I also try different shots, see what I can do, can I make this trouble
shot from here, like that.  Seeing where my limits are, and trying to
figure out what I should and shouldn't try during a stipulated round.

This is easy for me to do, as I have a club membership and it costs me
nothing to "throw away" a round for practice.  I know it's hard to pay
greens fees simply to practice and not score, and I'm lucky this way.

I will do a fair amount of on-course practice too.  I suspect that some
of my problem is simply a visual or judgmental thing.  I've noticed, for
instance, that on a shot where I can't see the cup on an uphill shot, my
look is at the bottom of the stick--which means it's at a point on the
green short of the hole.  That ends up being the reference my brain is
using for computing distance, and I end up with the ball there--instead
of by the hole.

Toward the end of our season here, I'd tried things like focusing on the
little pin-position marker in the middle of the flagstick instead of on
the ground, and focusing on the flag instead of someplace else.  That
helps, and I need to figure out exactly what I need to do in order to
improve those distance judgments.

Mike

--
---------------------------------------------------------------------------
Mike Dalecki     GCA Accredited Clubmaker      http://clubdoctor.com
RSG-Wisconsin 2005 Information:  http://dalecki.net/rsgwis2005/
---------------------------------------------------------------------------

 
 
 

On next year's scoring goals--and why I don't have any

Post by Bruce Newma » Thu, 17 Nov 2005 04:14:23


Quote:

> I'm always a little nervous setting scoring goals for the next year.
> While I finished this year with a 6.7 index, my best ever, I'm not
> looking at a specific target for next year.

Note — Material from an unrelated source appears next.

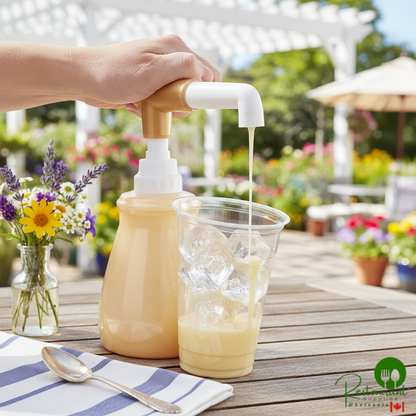 Torani Puremade White Chocolate Flavoring Sauce 64 fl. oz. - 4/Case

> Eventually, I think I could get down to 5, or even a 4.  (A friend of
> mine who is typically in the 2-4 range says I have the game to get
> there, with some improvements.)

> But getting to, say, a 5 index is not my goal for next year.  It strikes
> me as focusing too much on outcome, and not enough on process (and if
> you think you see Bob Rotella in this, you should).

[...]

You are definitely on the right track, Mike, so stay with it. Just hit
it better, putt better, think better and make more saves. Why stop at a
5? The score will indeed take care of itself.

Bruce

--
Bruce Newman  *  Fredericton, NB, Canada
Open & Limited Edition Golf Art  *  http://brucenewman.com

 
 
 

On next year's scoring goals--and why I don't have any

Post by jf-gol » Thu, 17 Nov 2005 05:24:09

I have no on-course option during the winter in public Connecticut and
heated outside range bays are still uncomfortable and concretey.
So I was thinking of joining one of the indoor Golf Learning places to
work on rythm and turn, get a few lessons, but mainly just keep from
forgetting everything.
Anyone have any experience with these facilities?
 
 
 

On next year's scoring goals--and why I don't have any

Post by David Geesama » Thu, 17 Nov 2005 05:19:50


Quote:


>>My goal(s) for next year is to improve my short game from 80-5 yards
>>away from the green.  When I'm greenside, I'm fine (thanks to Bruce
>>Newman and his chipping lesson :).  It's when I'm further away that I
>>have a relatively poor up-and-down record.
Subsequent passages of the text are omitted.